Atomic file ingestion with content-hash idempotency and a full audit trail — into SQLite, PostgreSQL, BigQuery, Databricks, or DuckDB.
Project description
Filedge
Files are the universal building block of data engineering. Whether data starts in Kafka, Stripe's API, a partner SFTP, or a CDC stream, every reliable pipeline eventually crystallizes it into a file before it touches the warehouse. Filedge is the load boundary built around that fact: atomic per-file ingestion, content-hash idempotency, and a full audit trail — into SQLite, PostgreSQL, BigQuery, Databricks, or DuckDB.
Why files?
Streams are continuous; files are discrete. That discreteness is what makes ingestion auditable: a file has a SHA-256, a row count, a state in the audit DB, and a row-level provenance trail in the destination. Every downstream question — did we load this?, replay this, where did this row come from? — has a deterministic anchor.
Filedge starts where the file lands and ends when its rows are committed. Upstream is your choice: dlt or vendor exporters for APIs, Kafka Connect or Vector for queues, rclone for SFTP. Downstream is your warehouse. The hard part in between — retry-safe commits, dedupe, retries, lineage — is all Filedge does.

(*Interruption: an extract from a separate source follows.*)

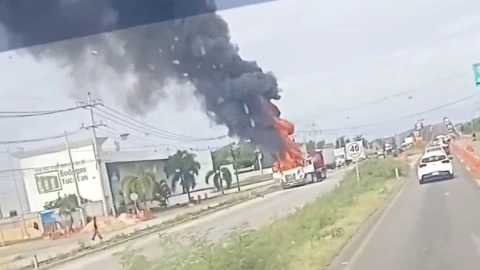 FOTO Tráiler arde en llamas en la vía a Valladolid.jpeg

What it gives you that a hand-rolled DAG doesn't
| Failure mode | Typical pipeline | Filedge |
|---|---|---|
| Half-written tables after a crash | Manual cleanup | Per-file atomic commit, retry-safe by content hash |
| "Did we already load this file?" | Filename heuristics | SHA-256 dedupe at the entry point |
| "Where did this row come from?" | Grep logs | _source_file_hash + _ingested_at on every row |
| Stale lock from a killed worker | Page someone | Reclaimed automatically on next run |
| One bad file blocks the pipeline | Skip and forget | Bounded retry → terminal FAILED with audit |
| Schema drift in destination | Silent corruption | Loud failure with a clear diff |
How it differs from neighbors
- vs Airbyte / Fivetran / dlt — those fetch (paginate APIs, manage cursors). Filedge lands — it takes whatever they produce as files and makes the write to the warehouse audit-grade. Use them as Fetchers in front of Filedge.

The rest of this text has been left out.